According to Alberto, there are 4,000 active porters on the Inca Trail. In his town of Huilloc and the surrounding vicinity, there are 500 porters and their families living there. Alberto notes that Huilloc was where the first porters of the Inca Trail originated from. And to this day, the region remains the hub for porters for Peru’s trekking tourism industry.
As the leader of the Federacion, he is concerned about the ongoing issues on the trails for the porters. His vision is to create a trekking organization that is run completely by the porters themselves, all of whom will be from his village of Huilloc and the surrounding areas. In conjunction, he would want the organization to jointly create a collective for the porters’ wives who are weavers in this community; thereby creating a trekking and weaving organization that will sustain jobs for both porters and their wives on a long-term basis. In that manner, the community will have its own form of sustainable tourism owned and operated by the locals themselves.
KM 82: The Porter Voices of Peru’s Camino Inca
The Porter Voice Collective’s very first initiative to elevate porter voices was the documentary KM 82: The Porter Voices of Peru’s Camino Inca, a film dedicated to amplifying the lived experiences of porters and bringing long-overlooked injustices to light on Peru’s Classic Inca Trail. This documentary laid the foundation for what would become a global advocacy movement.
Alberto Huaman Huamanhuillca, President of the Federacion de Porteadores del Camino Inka
The Classic Inca Trail has been operating for 50 years and yet the same poor working conditions exist.
Tourists have been accustomed to think that simply because the porters have “jobs” that this is good enough. Will you happily work as a porter with substandard working conditions? Or will you aim to have a higher morale in your workplace?
Listen to Alberto, the president of the Porters Associatin in Cusco, Peru. He shares his first hand experience as a porter. Ask yourself how you can help change this trekking industry to transform itself into a more humane working environment. Being silent or complacent is only contributing further to the ongoing exploitation of porters within the trekking tourism industry. Make a choice to be part of the solution – listen, celebrate, amplify and elevate the porters’ voices.
By Scott Montgomery / Galactivate / The Porter Voice Collective
KM 82: A message from the Porter Federation
The government and companies have created divisions within the Porter Federation to weaken their ability to fight for better conditions. Now, the leaders of the Federation are working to unite all the porters.
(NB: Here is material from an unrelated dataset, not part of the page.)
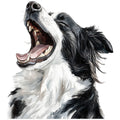 Watercolor Border Collie Fabric Panel 5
Here, one of the leaders, Wenceslao Condori, invites the porters to unite and work together. He is joined by the Porter President, Alberto Huaman, Samuel (regional leader), Sergio and Juana. The porters are looking forward to a global partnership with tourists and organizations worldwide to elevate their voices and create industry-wide changes. KM 82 is making that happen.
Bribery & Corruption Rule on the Camino Inca
In a 2012, a documentary called Porters of the Inca Trail, the porters have voiced out their concerns regarding the bribery that occurs at the weighing station that the government oversees. The practice of overloading porters on the Inca Trail beyond the 25 kg limit remains the standard practice today with many companies getting away with this practice of cutting costs at the expense of the porters. With no real accountability on companies and the bribery that occurs, porters are left without much choice. We as tourists can advocate for more controls, regulations and monitoring of these practices with a clear set of punitive action on companies who violate such laws. As responsible tourists, we can make the Inca Trail experience much more meaningful by advocating for changes that will elevate the rights and welfare of the porters.
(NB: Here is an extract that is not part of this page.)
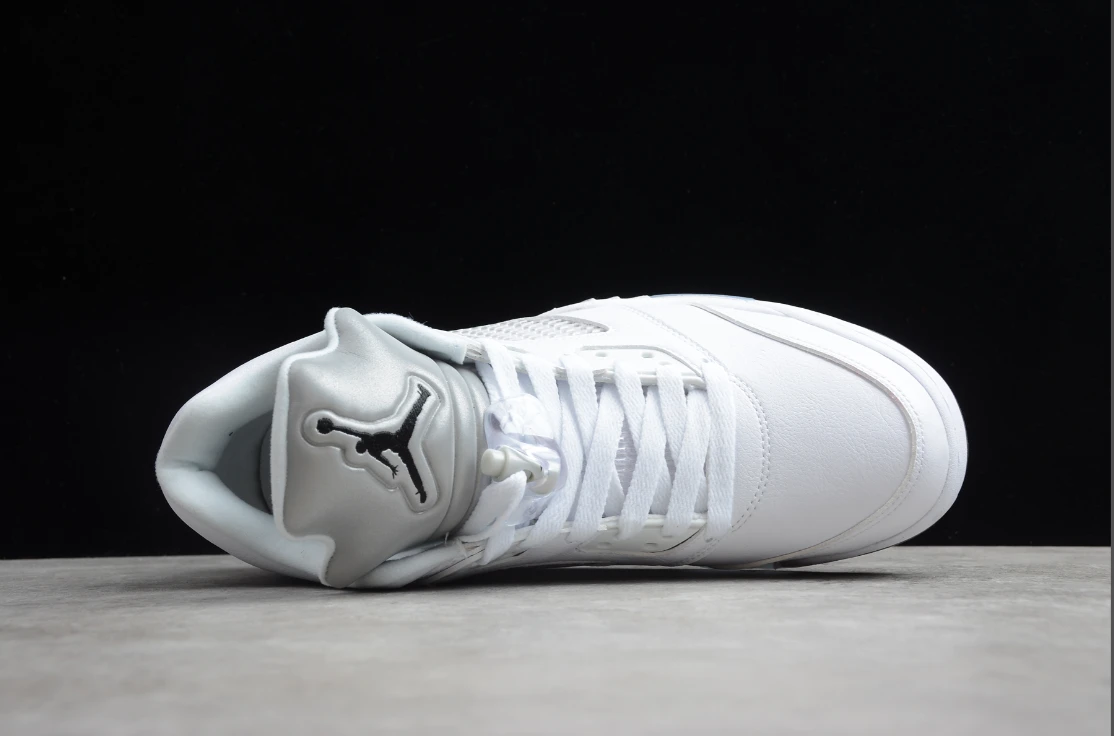 Air Jordan 5 Low GS 'White Wolf Gray' by Air Jordan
Video Credit: Porters of the Inca Trail (2012) by Gabriel Manrique & Michael Lundin
Emiliano from Huilloc Alto: Porters Barred from Entry to Machu Picchu
It is a myth that porters who work on the 4 day Classic Inca Trail get to enter Machu Picchu while working as a porter on the trail. While tourists enter Machu Picchu on day 4 via the famous sun gate, all porters MUST descend down the mountain from the last campsite and take the train back to Ollantaytambo. In fact, they are not allowed to enter Machu Picchu while on the job. So, most, if not all porters do NOT see Machu Picchu despite working as a porter for 1, 5, 10, 20 or more years.
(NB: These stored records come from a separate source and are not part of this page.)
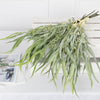 Pack of 6 stems-18.75inch Long grey green frosted flocked seeded greenery-home decor bouquet filler - Angel Isabella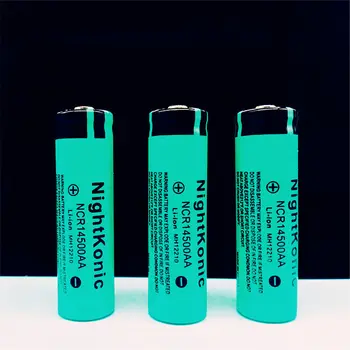 

Original High Quality Nightkonic 6 PCS/LOT 14500 Battery 3.7V voltage Li-ion Rechargeable Battery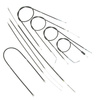 Bowden Cable Set + Speedo Cable for SIMSON KR50 (8pc) - Black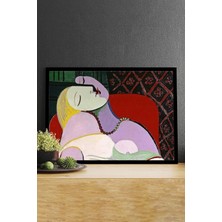 Mey İthalat Postermanya (PSTER14731) The Dream - Rüya Pablo Picasso Sanatsal Çerçeveli Tablo 50 x 70
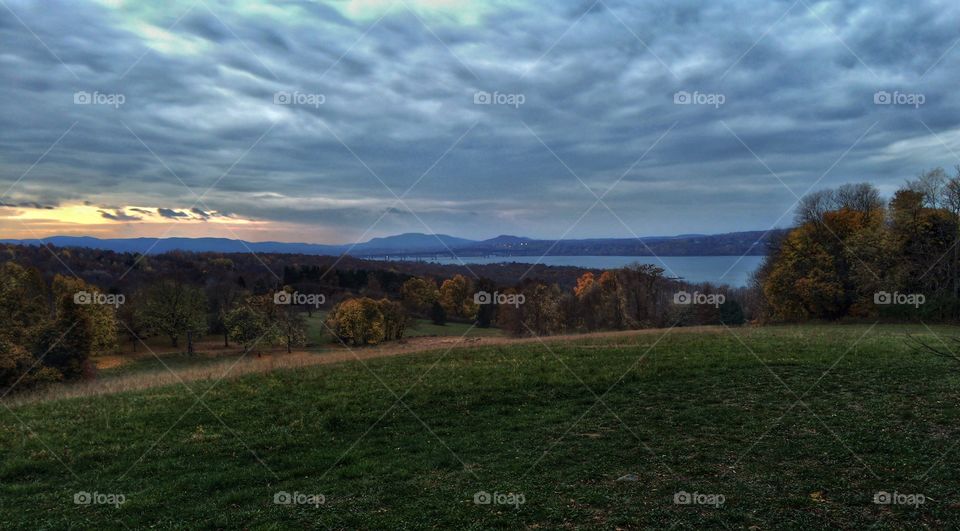 The Hudson River valley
This is yet another form of discrimination against the porters, most of whom are from Quechua communities. Machu Picchu is intertwined with the heritage and culture of the Quechua people. To bar them and never see their own national tressure deprives them of their own connection to their heritage. To have the rest of the world see Machu Picchu but bar those who have direct historical ties to the place to experience it is illogical and unfair.
Gregoria Jaimes Pauccar, Chinchero-cuper alto
The existence of women porters in the trekking tourism industry is a recent phenomenon. In Peru, women like Gregoria started out as a porter in 2016. She works on the Huchuy Qosqo trail alongside mostly Quechua women in the region. Portering adds income for these women. The work itself (carrying the load) is not the biggest challenge. It’s the “machismo” that has to change. The mentality is slowly changing.
Tourists can help by asking operations for the inclusion of women in the industry. Demanding change collectively will get us to equity and inclusion in the industry much faster. Will you join us in creating the inclusion of women in this industry?
Listen, celebrate, amplify and elevate the voices of women porters.
Porter Interview: Porters Still Sleep in Dining Tents, Toilets, and Caves
This porter wishes to hide his identity given the threats of being refused work by companies and the risk of being chastised by his fellow porters. From this video, you’ll learn that porters continue to sleep in dining and kitchen tents, in the dirty toilets along the trail, under the tree or even caves.
Why? Because companies don’t provide sleeping tents as a standard of practice on the trail. Porters are assigned to sleep in dining or kitchen tents which don’t have ground cover and are typically overcrowded (at times 10 or more people in it). To buy tents for porters would add to the business costs.
In a for profit industry where accountability is lacking, companies can easily cut costs by refusing to provide sleeping tents to porters. As tourists, you can demand that companies begin providing tents on the Inca Trail.